Entry is being restricted to residents and business owners as work continues to clear roads and check the state of bridges linking the islands.
Some 60% of homes in the state are still without power.
Irma, which has since rapidly weakened, is being linked to 10 deaths in the United States.
Six people died in Florida, three in Georgia and one in South Carolina.
The storm also left a trail of destruction in the Caribbean, where at least 37 people were killed.
French President Emmanuel Macron has arrived to see the storm damage for himself, while the UK’s Foreign Secretary, Boris Johnson, is heading to the British Virgin Islands.
Both France and Britain have been criticised for not doing enough to help their nationals in overseas territories affected by the hurricane.
Dutch King Willem-Alexander spent Monday night on the Dutch side of St Martin, an island shared between France and the Netherlands.
“Even from the plane I saw something I have never seen before,” the Dutch royal told the NOS public newscaster. “I have seen proper war as well as natural disasters before, but I’ve never seen anything like this”.
“Everywhere you look there’s devastation, you see the collapse,” he added.
Florida Governor Rick Scott used the same word – “devastation” – after flying over the Keys on Monday.
“I just hope everybody survived,” he said. “It’s horrible what we saw. Especially for the Keys, it’s going to be a long road.
“We saw a lot of boats washed ashore and we saw any, basically, any trailer park there overturned.”
Thousands of people are believed to have ignored calls to evacuate last week, and clung on in the dangerously exposed islands during the storm.
However, Governor Scott added: “I didn’t see the damage I thought I would see.” Storm surges had turned out to be “not as bad as we thought”, he said.
Teams are still working to clear Highway 1, the road connecting most of the inhabited islands, and bridge inspections are continuing.
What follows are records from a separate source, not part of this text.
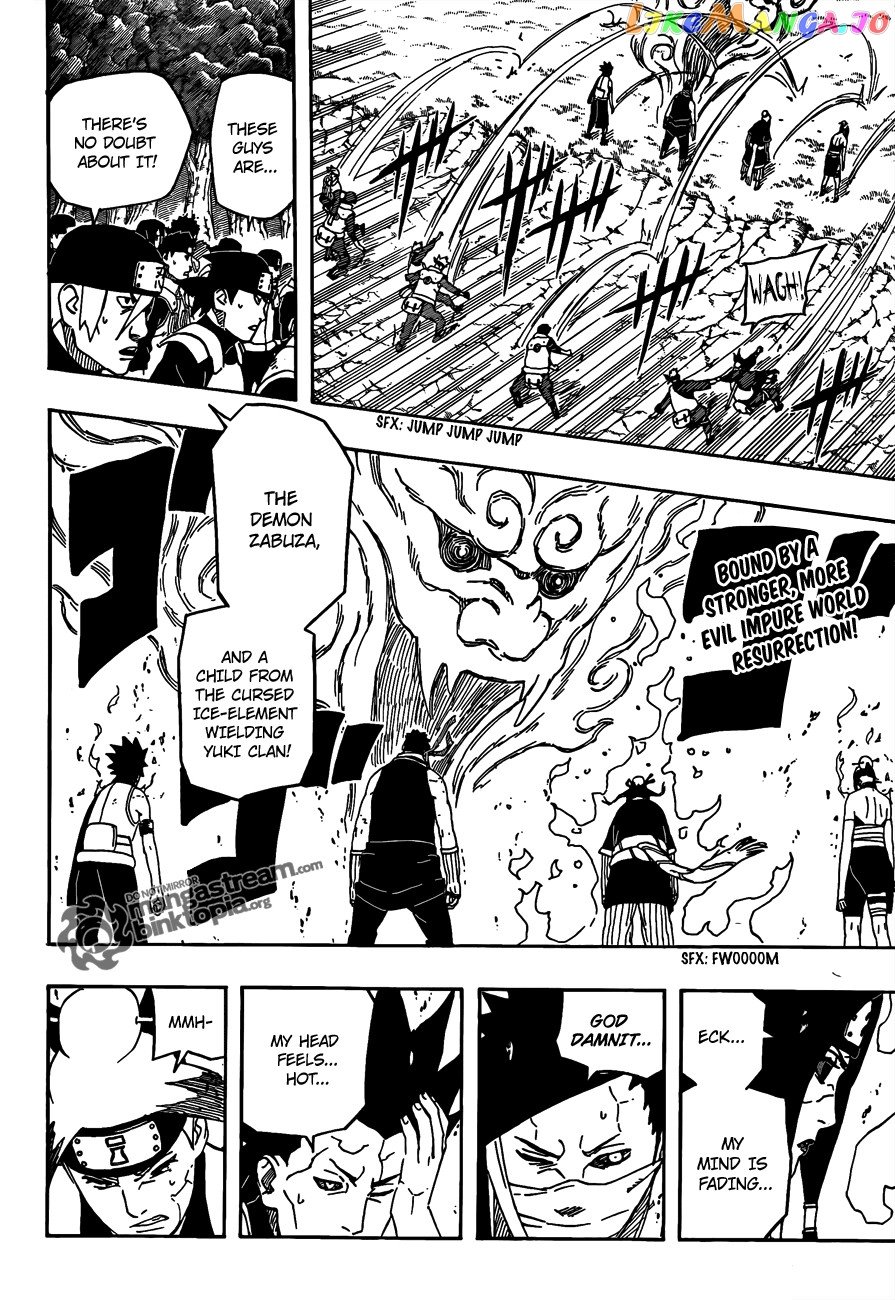 Naruto - Manga Chapter 522 - page 3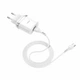 Сітчастий зарядний пристрій HOCO C12Q Smart QC3.0 charger set(Type-C) White - зображення 2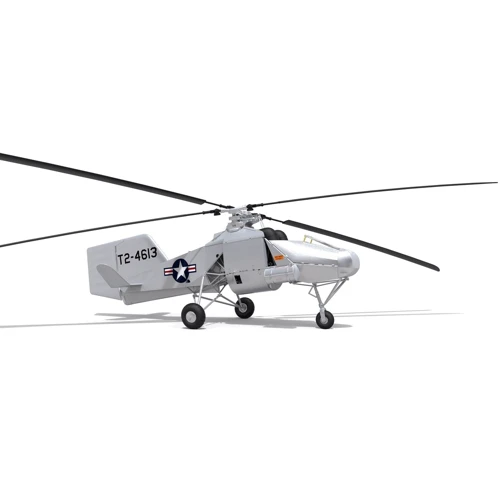 Сборная модель MiniArt MA41004 Вертолет Fl 282 V-23 Hummingbird (Колибри) фото 8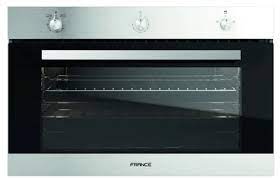 Built-in INOX Gaz Oven 90cm
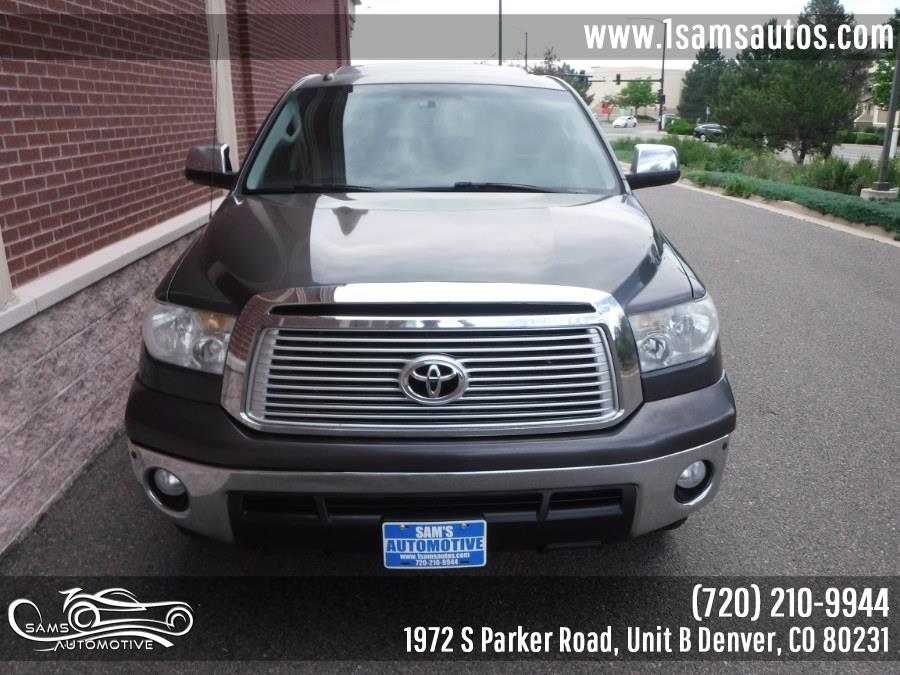 2012 Toyota Tundra 4WD Truck CrewMax 5.7L V8 6-Spd AT LTD (Natl), available for sale in Denver, Colorado | Sam's Automotive. Denver, Colorado 2012 Toyota Tundra 4WD Truck CrewMax 5.7L V8 6-Spd AT LTD (Natl), available for sale in Denver, Colorado | Sam's Automotive. Denver, Colorado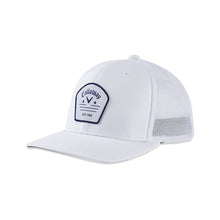 Load image into Gallery viewer, Callaway Trucker Mens Golf Hat - White/One Size
- 8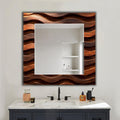 Customizable Mirror, Wall Art as Mirror | Decorative Mirror | Large Statement Mirror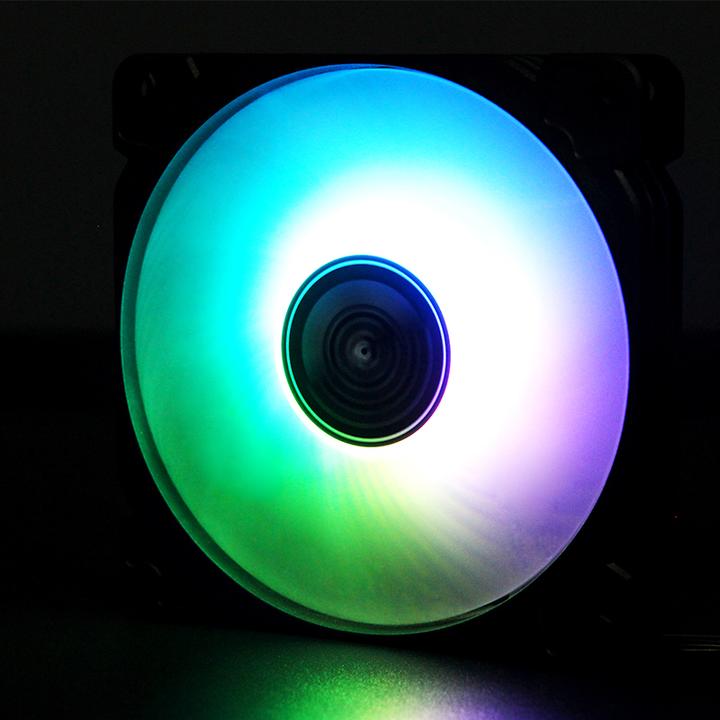 Actual product image Jonsbo FR-502 PWM fan, ARGB (120 mm, 1 x)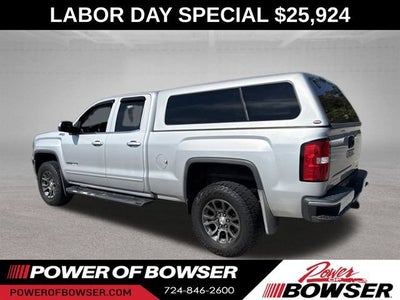 2017 GMC Sierra 1500 SLE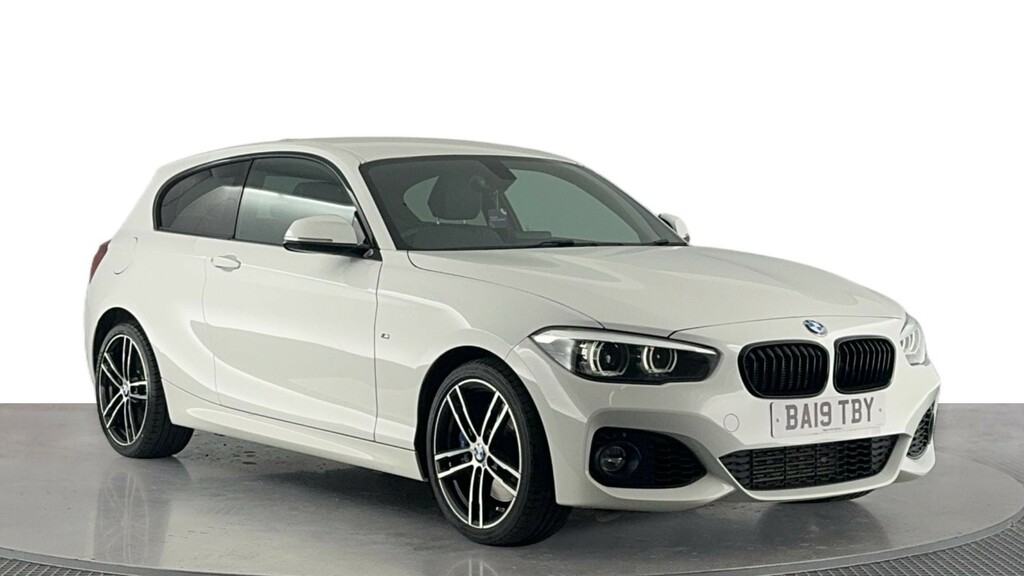 BMW 1 Series 1.5 118I Gpf M Sport Shadow Edition Hatchback BA19TBY White #2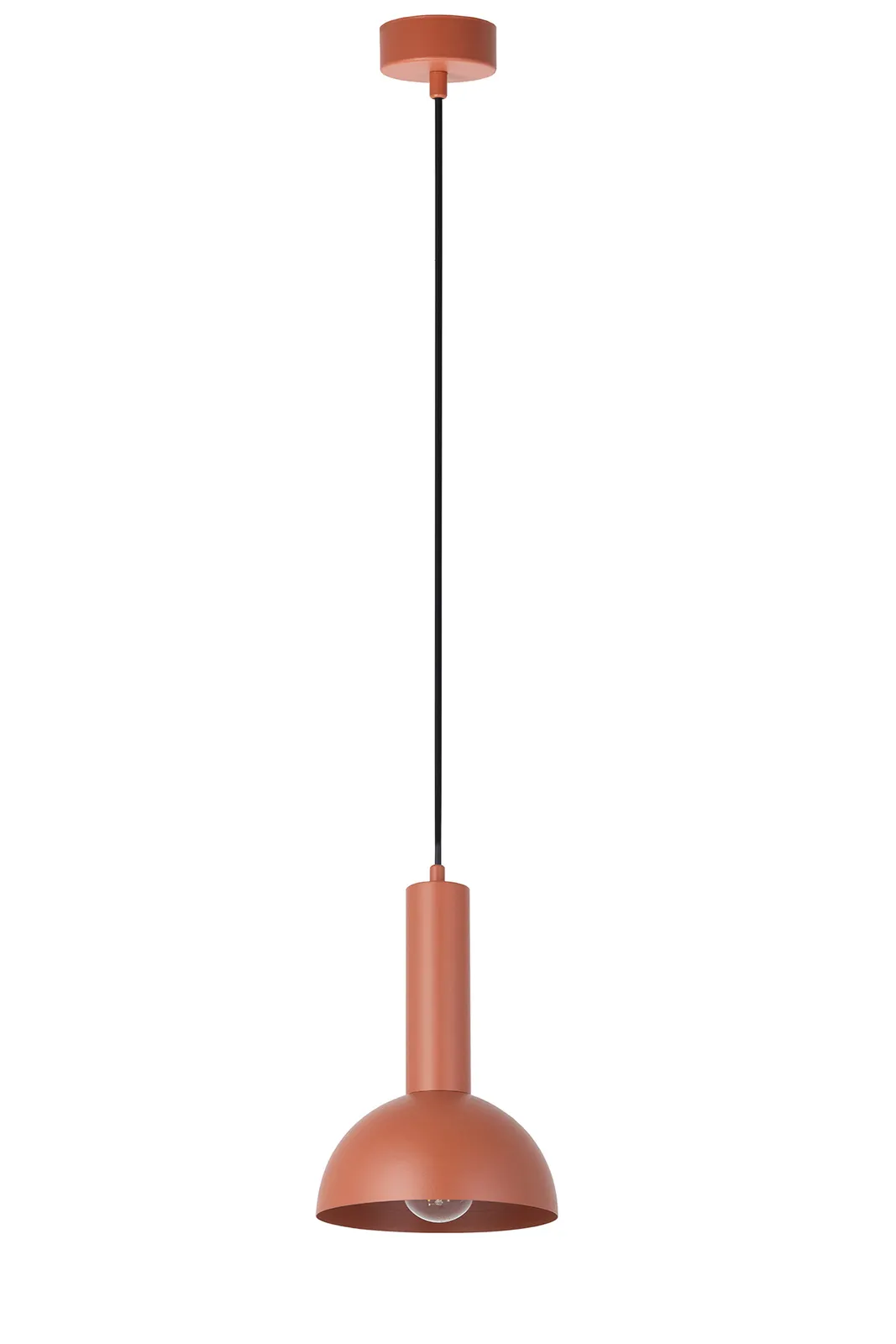 Lampa wisząca VITRUM S ceglasta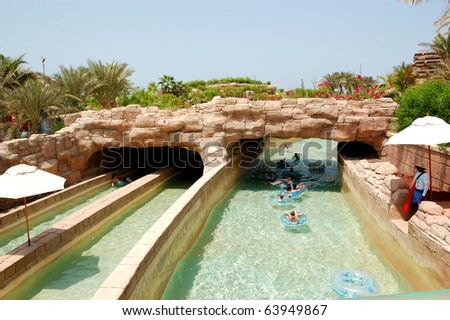 Dubai Hotel Atlantis Water Park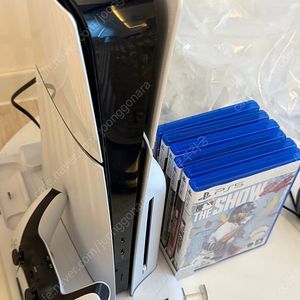 플스5 슬림디스크에디션 ps5 게임7종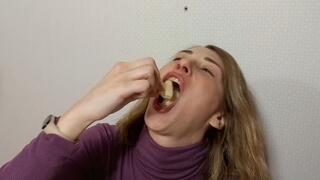 Burping while having beeer and chips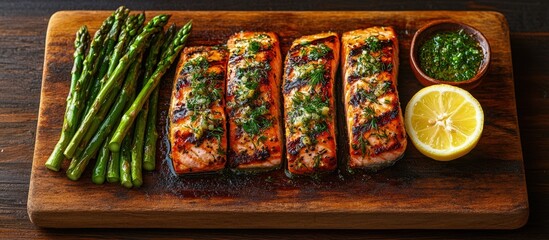 High-tech eye embedded in circuit board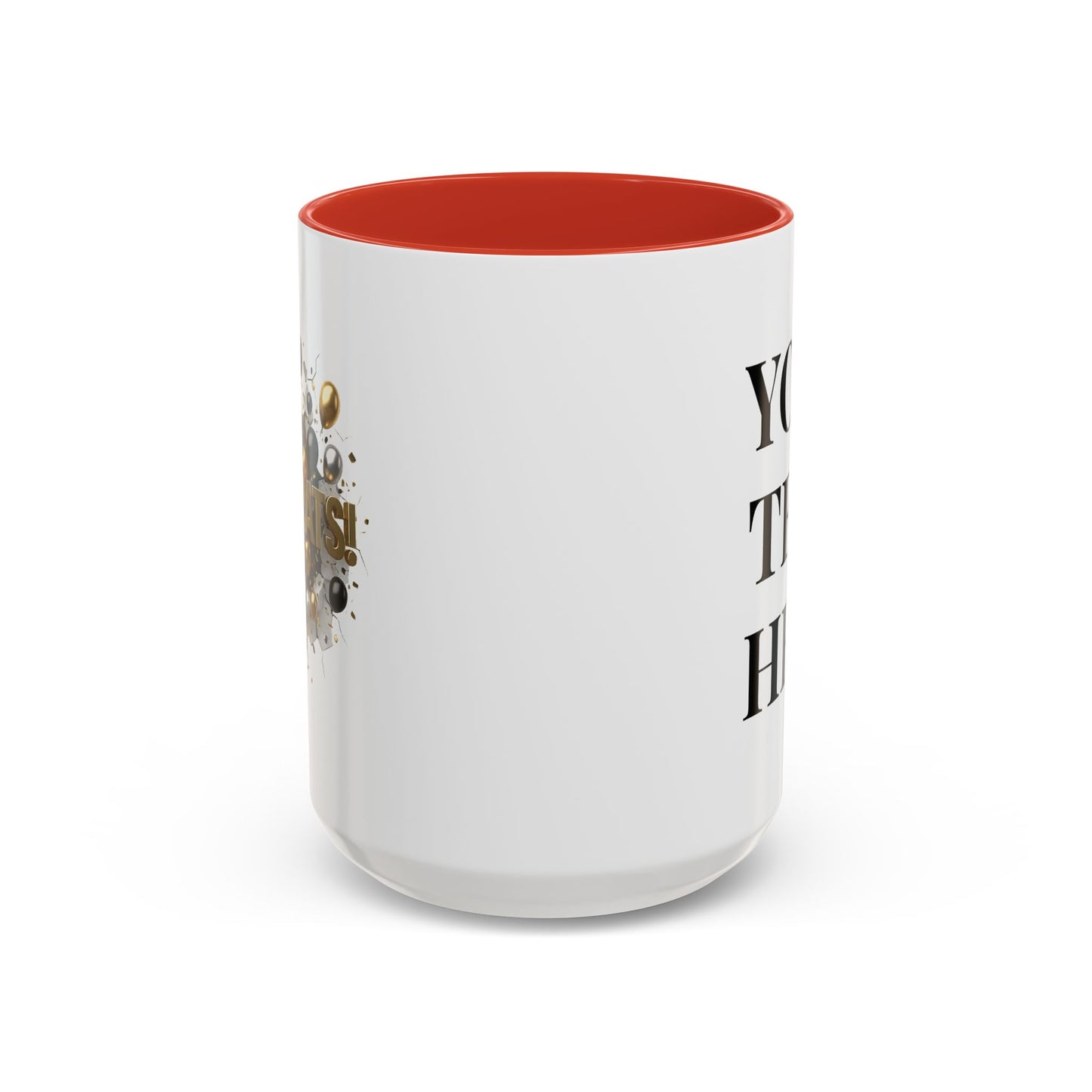Personalized Congrats Mug, Custom Graduation Gift, Promotion Coffee Cup, New Dad Present, Teacher Appreciation Gift, Custom Name Cups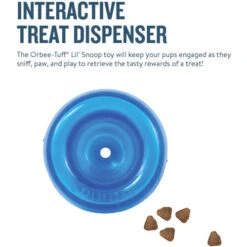 Planet Dog Orbee-Tuff Lil’ Snoop Toy -Hundebedarfs Geschäft orbee tuff lil snoop toy 203414 0500 none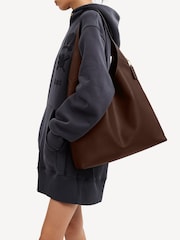 COACH Brown Brooklyn Shoulder Bag - Image 3 of 6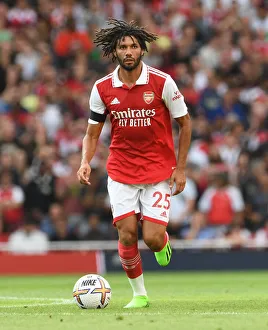 Mohamed Elneny in Action: Arsenal vs. Fulham, 2022-23 Premier League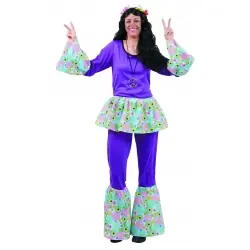 DÉguisement hippie femme adulte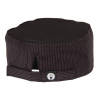 Gorro de Cozinha Cool Vent com Listras Brancas Finas - Tamanho Único - Chef Works - Fourniresto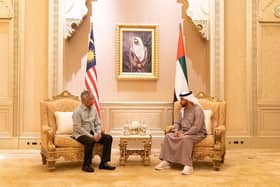 Agong grants audience to ruler's representative of Al Dhafra region, UAE in Abu Dhabi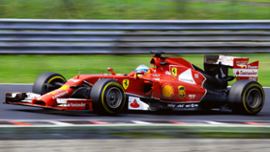 F1 car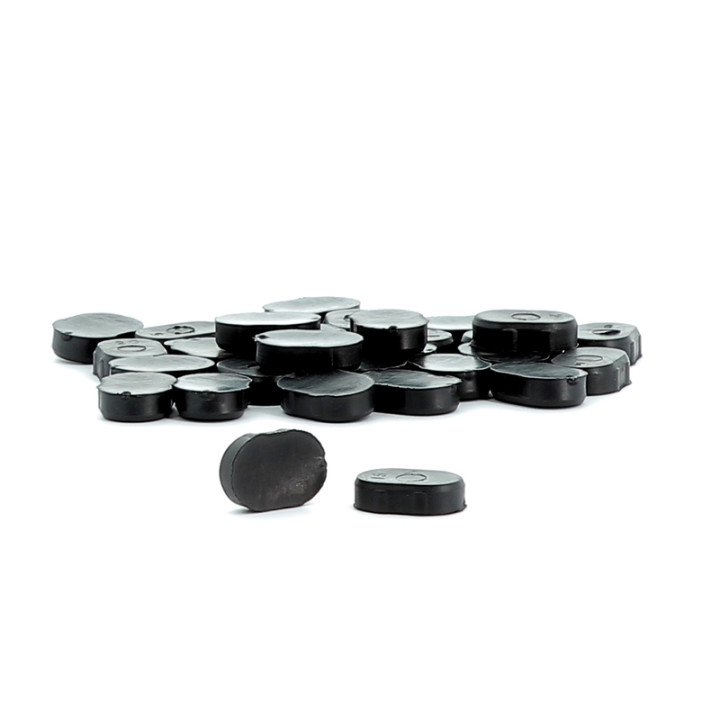 Protections plastique de griffe Bihr pour machines à pneu - 30pcs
People with authorisation are being allowed into the towns of Key Largo, Tavernier and Islamorada from 07:00 (11:00 GMT), the authorities in Monroe Country said.
They were warned that services on the islands were limited: most areas were still without power and water, mobile phone signals were patchy and most petrol stations were still closed.
The US aircraft carrier Abraham Lincoln has arrived off Florida and other navy ships are due in the area on Tuesday to help distribute food to the Keys and evacuate residents.
Other parts of the state escaped the storm lightly compared to the Caribbean islands.
“The storm surge flooding in Miami is a mere fraction of what would have happened if the core of the storm had been further east,” Rick Knabb, former director of the National Hurricane Center, said in a tweet.
Miami’s Mayor, Carlos Gimenez, was relieved the damage was no worse.
“We were spared the brunt of this storm,” he said. “We came out much better than other parts of the state and we have to thank God for that.”
Returning to her home in Miami’s Little Haiti neighbourhood, evacuee Melida Hernandez, 67, found her home split down the middle by a tree.
“I wanted to cry, but this is what it is, this is life,” she told Reuters news agency.
President Donald Trump has released emergency federal aid for Florida, describing the hurricane as a “big monster”.
The storm was downgraded as it moved north towards Atlanta, Georgia, with maximum sustained winds of 35mph (56km/h) recorded, the National Hurricane Center (NHC) said in a statement.